44. Art is visual and beyond language.

45. Art encapsulates and articulates the condition of its time.

46. Given such a long, rich, and diverse history, and the extraordinary popularity and importance of the arts across all societies, a history of culture should be present in the school curriculum, yet creative and artistic activities and subjects are forever marginalised to save money, making education as a whole all the more restricted and ineffectual.

47. In order that everyone can benefit from all aspects of the arts to the fullest extent, any cultural policy should be concerned with nationwide accessibility to works of art historical importance in museums and public collections, and access for everyone to creative activities, starting in schools, in order to benefit from personal, creative expression.

48. When asked, we turn to Art as an example of humankind's finest qualities, but in everyday experience the arts are treated as an indulgence and a drain on resources.

49. Support for artists should be possible by identifying the very small number whose work is particularly significant and helping them through grants and by purchasing work for public collections.
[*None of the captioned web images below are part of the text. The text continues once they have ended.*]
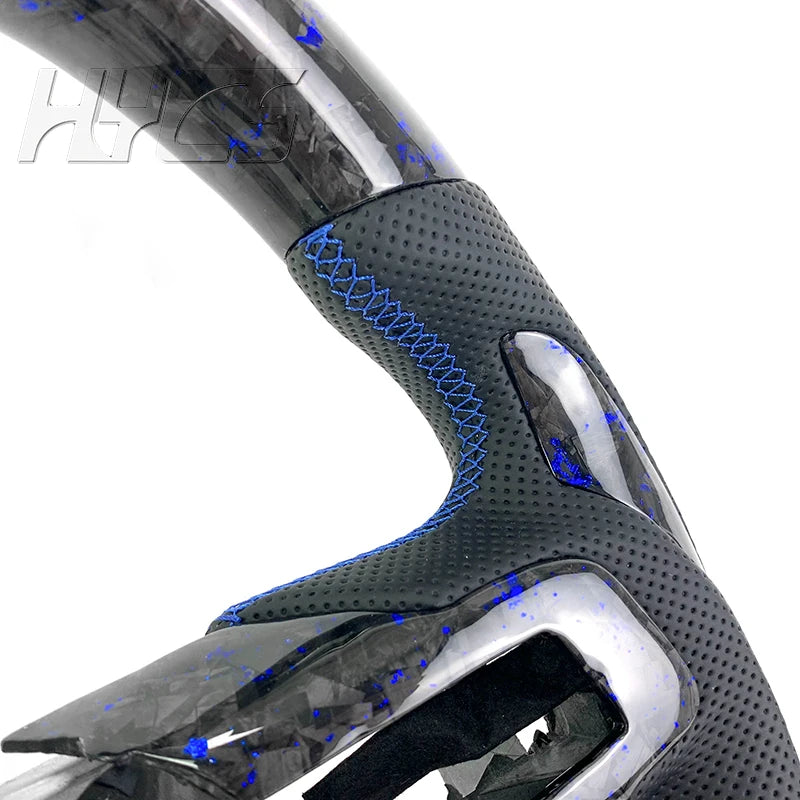 Automotive Interior Accessories Forged Carbon Fiber Genuine Leather Sports Steering Wheel Suitable for Ford Mustang GT 2015-2023
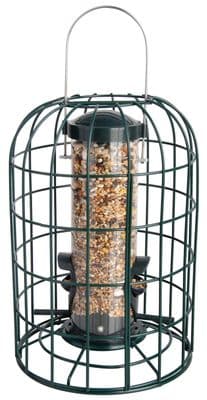 Hanging Bird Seed Silo Feeder Squirrel Proof Green Metal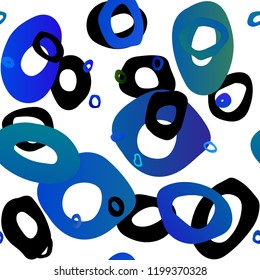 Light Blue, Yellow vector seamless backdrop with dots, spots. Blurred bubbles on abstract backdrop with colorful gradient. Pattern for trendy fabric, wallpapers.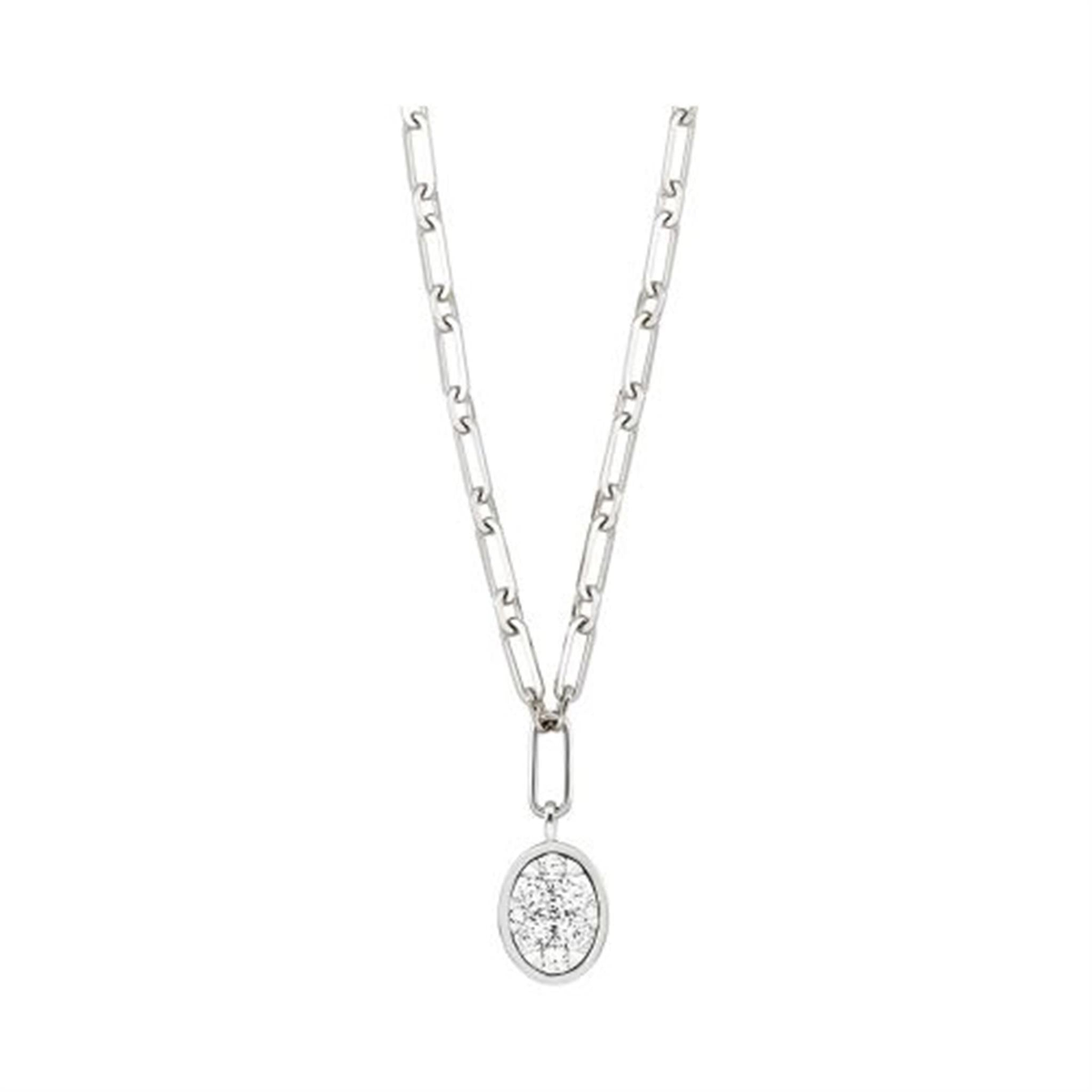 14kt White Gold Oval Diamond Cluster Pendant with 1/2cttw Natural Diamonds On 18" Paperclip Chain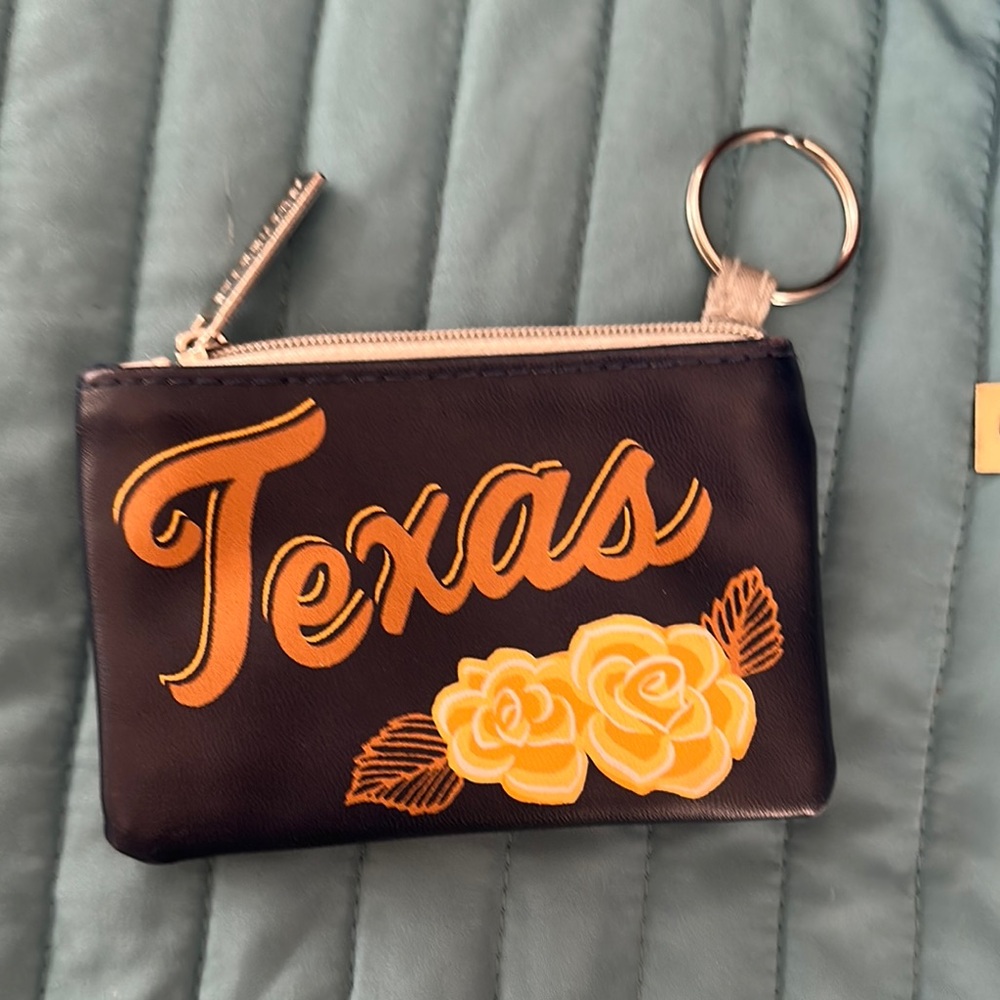 Texas Black Pouch with Yellow Rose Design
A diverse, constantly revolving panel of respected specialists, practitioners and lay participation should be charged with selecting a number of artists per year for support and this process should be transparent, the selection process and discussions with the artist made public. Societies deserve a system of arts administration making a living possible for significant artists, and acquiring works for collections accessible to the public.

50. The development of art can be understood by observing the changes in its appearance, which, despite the occasionally radical departures which punctuate art history, are perceptibly natural, coherent, and logical.

After centuries of realistic depiction, artists of the modern era realised many different forms of representation were possible, choosing to paint in a looser, more contemporary and expressive manner, by representing everyday life rather than myths and ancient history, and by exploring the "materiality" of art - art's basic elements of colour, line, surface, form, scale and material.

Paul Cézanne and Pablo Picasso explored structural questions of the two-dimensional representation of a three-dimensional world. Wassily Kandinsky, Piet Mondian, Mark Rothko and others realised that abstractions of form and colour contained enormous potential for spiritual expression. Even after Marcel Duchamp predicted the end of aesthetic art, and abstraction implied the end of a recognisable subject, representational aethetics, through the evolution of traditional forms of painting and sculpture, remained fundamental to the art of the 20th century.